David Peace's seminal Red Riding Quartet is one of the most incredible examples of the potential for noir. His books are historical, crime ridden, corruption dense, conspiracy laden, thematic and contain enough literary juice to satisfy the bravest of Jane Austen scholars. The novels - Nineteen Seventy-Four, Nineteen Seventy-Seven, Nineteen Eighty, Nineteen Eighty-Three- are compellingly dark, gritty and ultimately perfect. However, you cannot read one of the novels but rather must make your tangled way through each book before they can be viewed as one complete masterpiece. I thought about reviewing them separately but wanted to see how well it hangs together. The short answer: unbelievably well.
The series starts off with something amiss in Yorkshire in 1974, a little girl named Clare Kempley has gone missing. One crusading journalist discovers the disappearence may tie to many more. In 1977 two characters, one a decorated police officer and the other a drunk journalist investigate the gruesome Yorkshire Ripper killings. The murderer has a particular hate on for street workers and brutally mutilates his victims. In 1980 an IA officer named Peter Hunter tangles with the Ripper and the deepening murk surrounding Yorkshire. The brilliant 1983 ties the entire series together in an unexpected but beautiful way.
A warning - this is not bedtime reading, it is dark material and often disturbing. However, it is worthwhile to get through. Also, at times the book itself does not tie up all the loose ends but there is a payoff at the end so make sure to read them all!
Take my favourite moment from the entire series, (SPOILER ALERT) in 1980 (as in real life which Peace takes as his grounding) the Yorkshire Ripper is caught and confesses to thirteen murders. The one problem - several "ripper" killings remain unaccounted for.

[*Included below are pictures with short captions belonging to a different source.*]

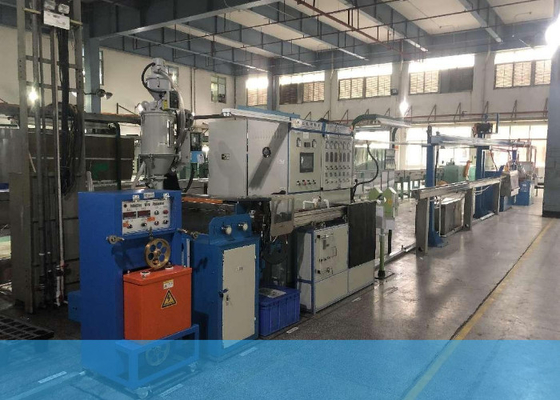 FEP υψηλής θερμοκρασίας μηχανή εξωθητών καλωδίων πλαστική
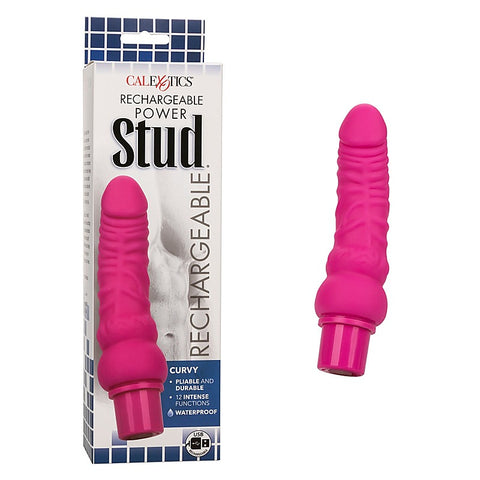 Rechargeable Power Stud Curvy Dildo by California Exotics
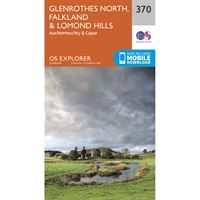 OS Explorer 370 Paper - Glenrothes North, Falkland & Lomond Hills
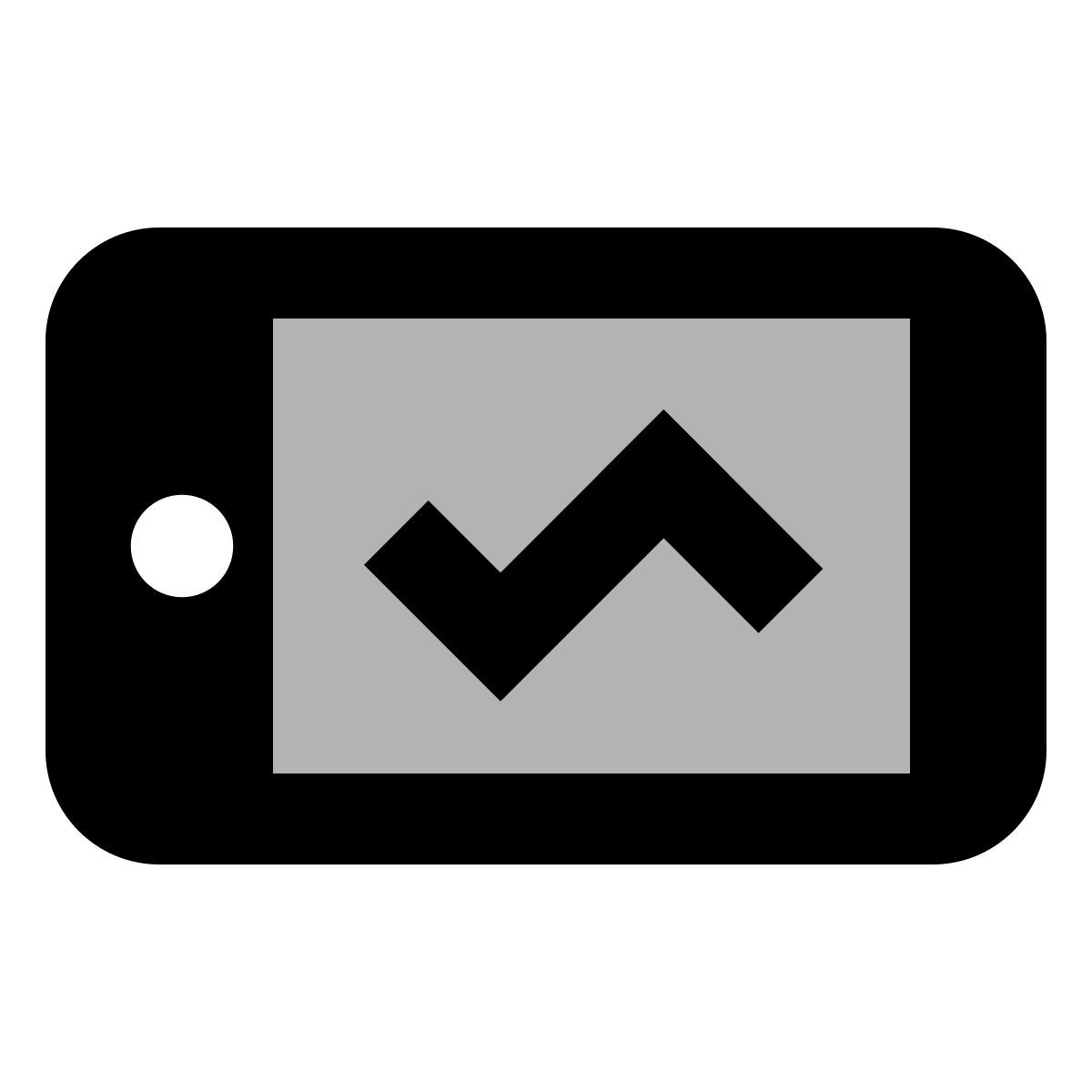material two tone style performance smartphone icon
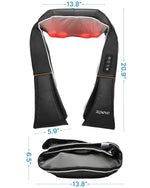 Shiatsu Neck and Shoulder Back Massager with Heat, Deep Tissue 3D Kneading Massage Pillow for Women and Men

The police ask him if he did it, his response is so utterly perfect and chilling that it has become one of my all-time book moments:
Yorkshire Ripper: "It was him."
Yorkshire Ripper: "Other guy".
With that line, Peace transcends the genre and comes as close to Ellroy (while maintaining a distinct style) as anyone yet.
Highly recommended but make sure to keep your night light handy.